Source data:
-.-.-

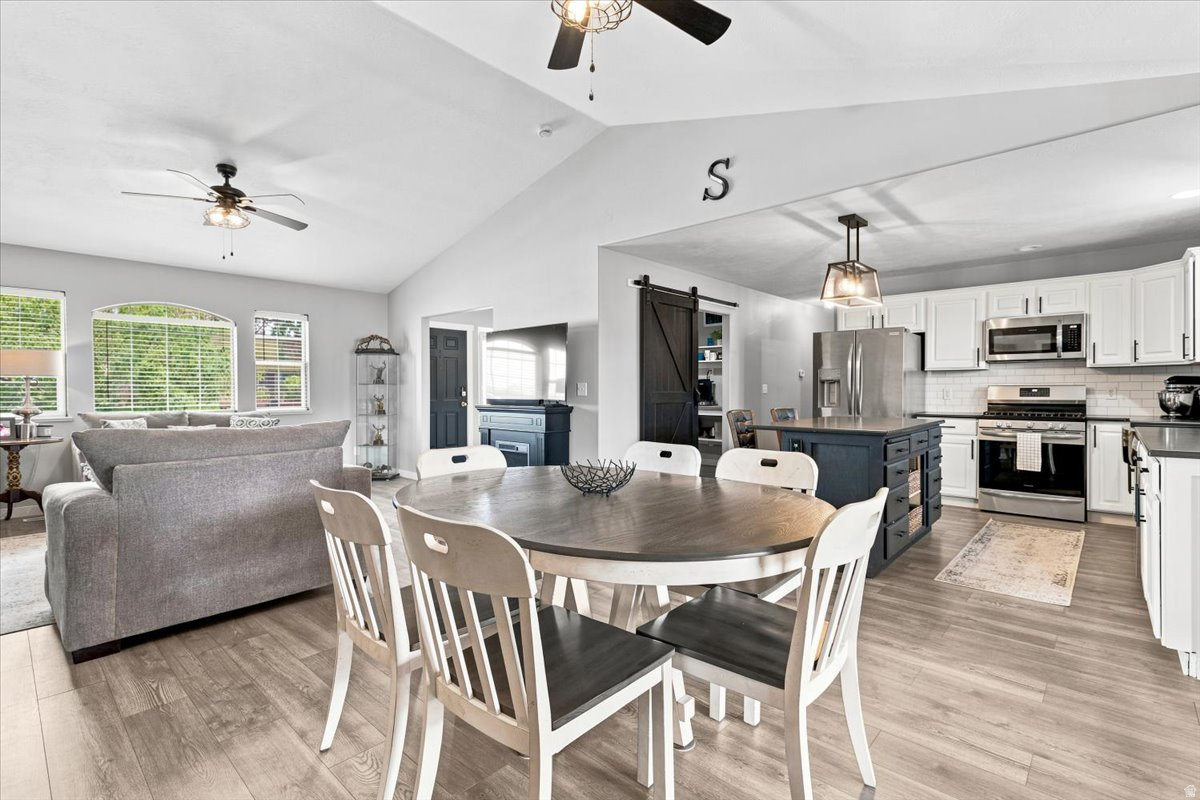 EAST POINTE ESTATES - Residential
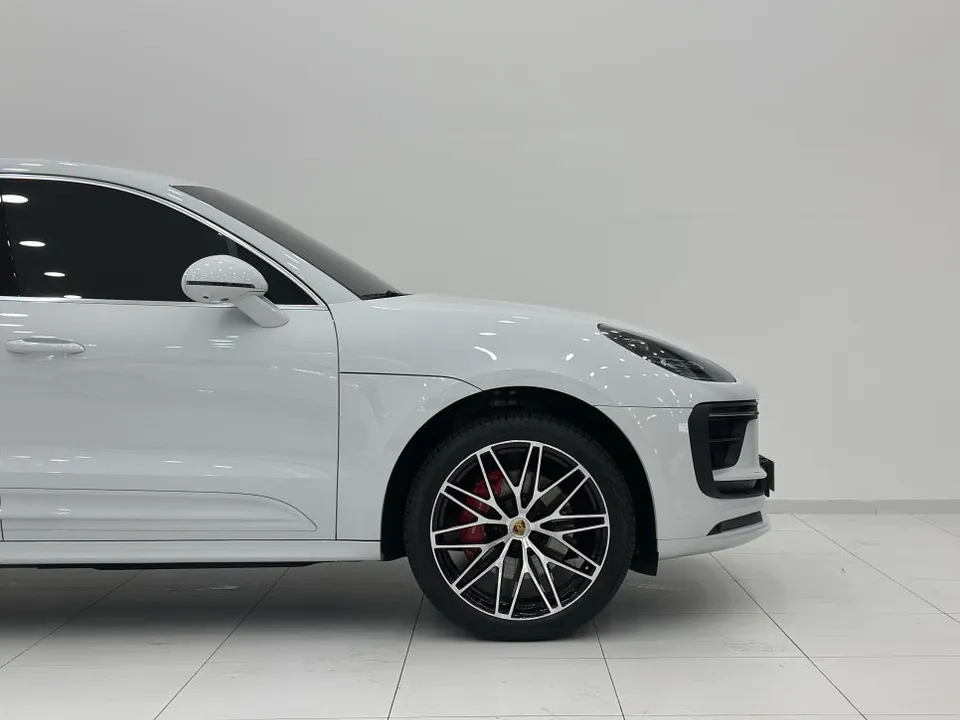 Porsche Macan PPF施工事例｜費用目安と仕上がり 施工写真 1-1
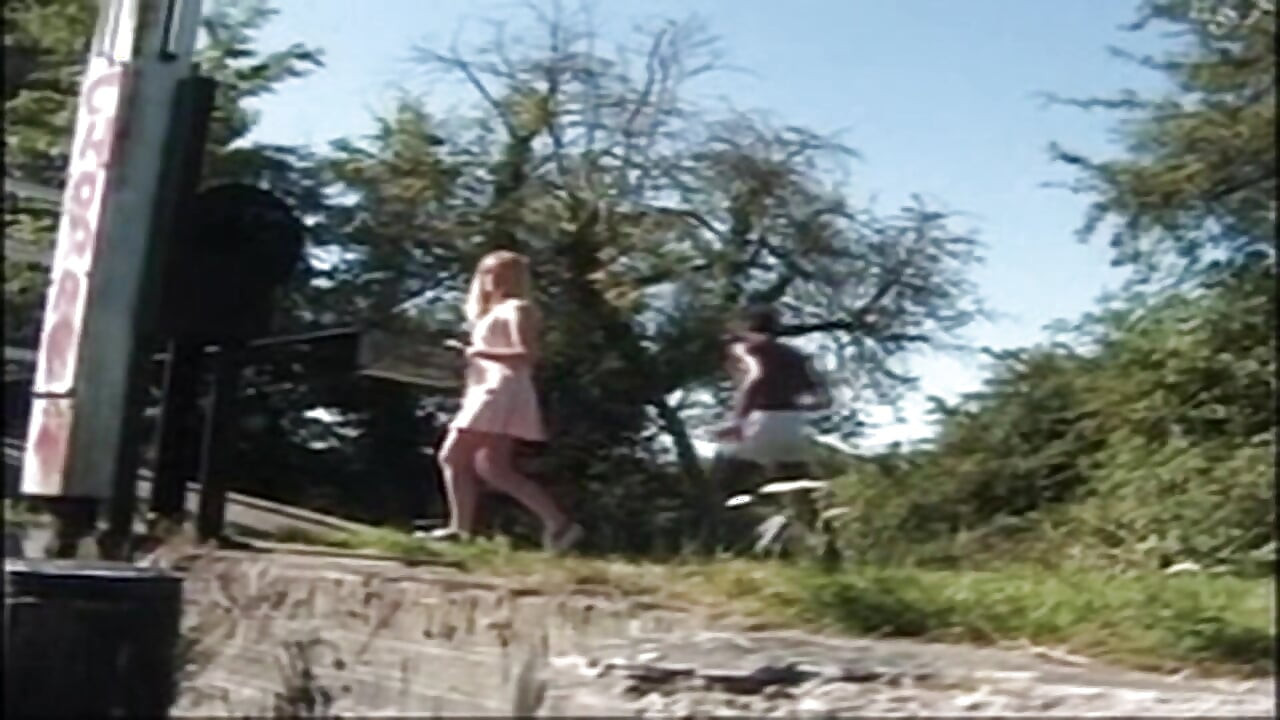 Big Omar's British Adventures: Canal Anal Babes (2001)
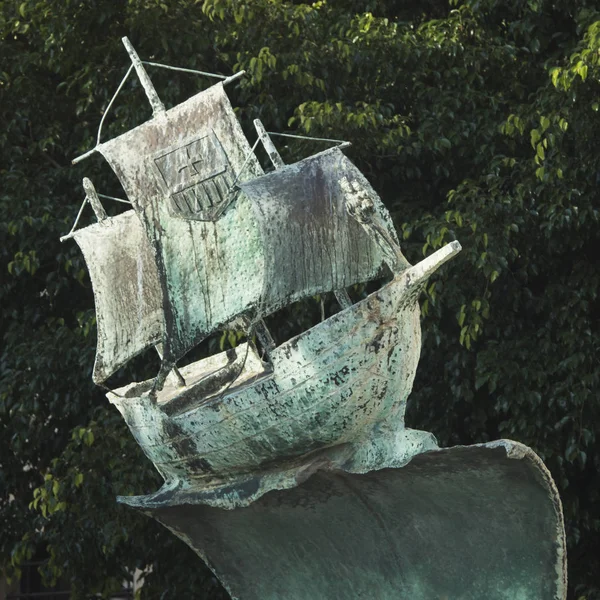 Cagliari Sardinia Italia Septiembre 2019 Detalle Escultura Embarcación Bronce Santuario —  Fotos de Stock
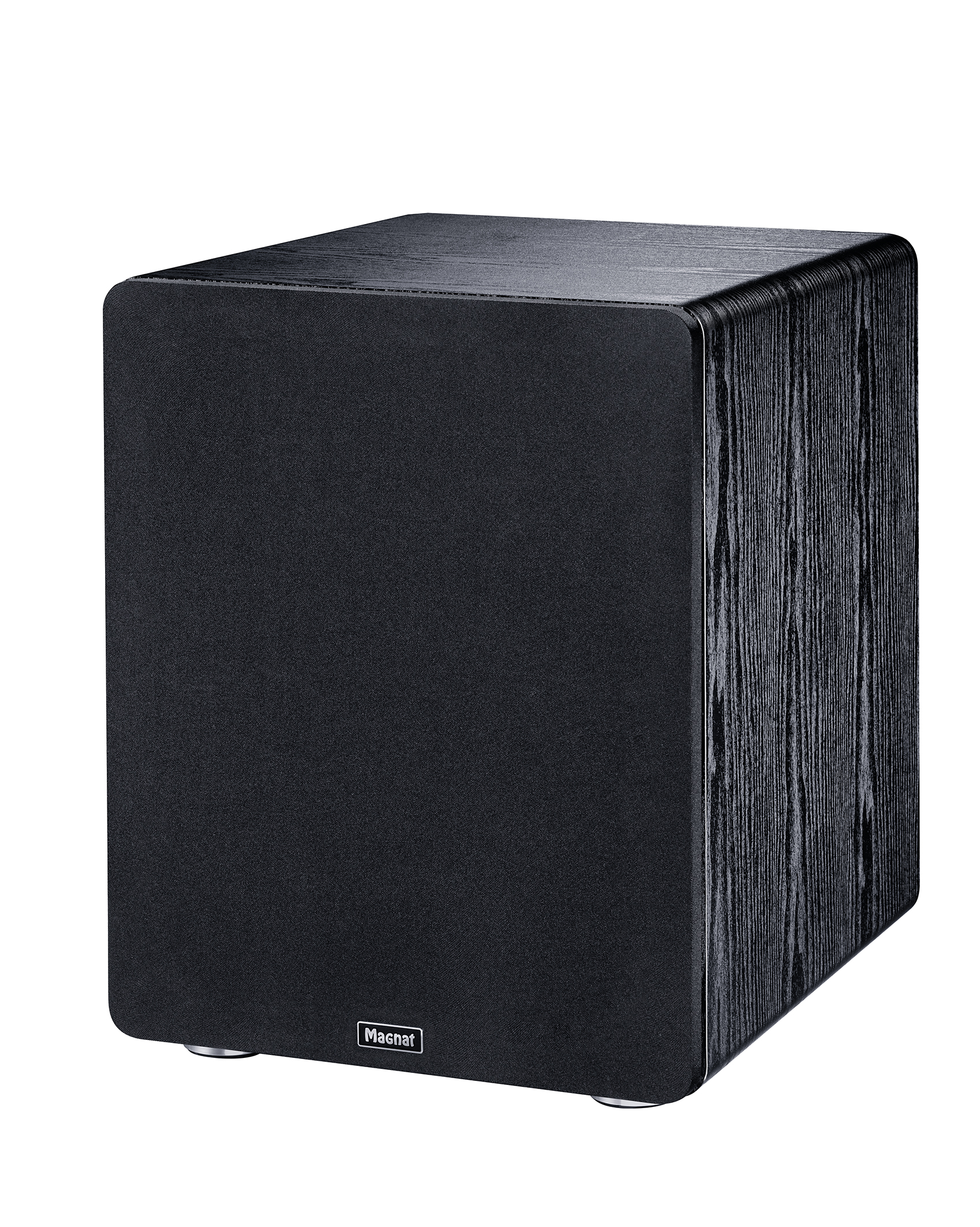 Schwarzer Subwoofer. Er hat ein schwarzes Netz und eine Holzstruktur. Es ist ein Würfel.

-.-.-

▸ **Goal of the exercise**: Please copy the data shown above, line by line and exactly, omitting the images.

▸ **Solution for this task**:
 EAST POINTE ESTATES - Residential
 Porsche Macan PPF施工事例｜費用目安と仕上がり 施工写真 1-1
 Big Omar's British Adventures: Canal Anal Babes (2001)
 Cagliari Sardinia Italia Septiembre 2019 Detalle Escultura Embarcación Bronce Santuario —  Fotos de Stock
 Schwarzer Subwoofer. Er hat ein schwarzes Netz und eine Holzstruktur. Es ist ein Würfel.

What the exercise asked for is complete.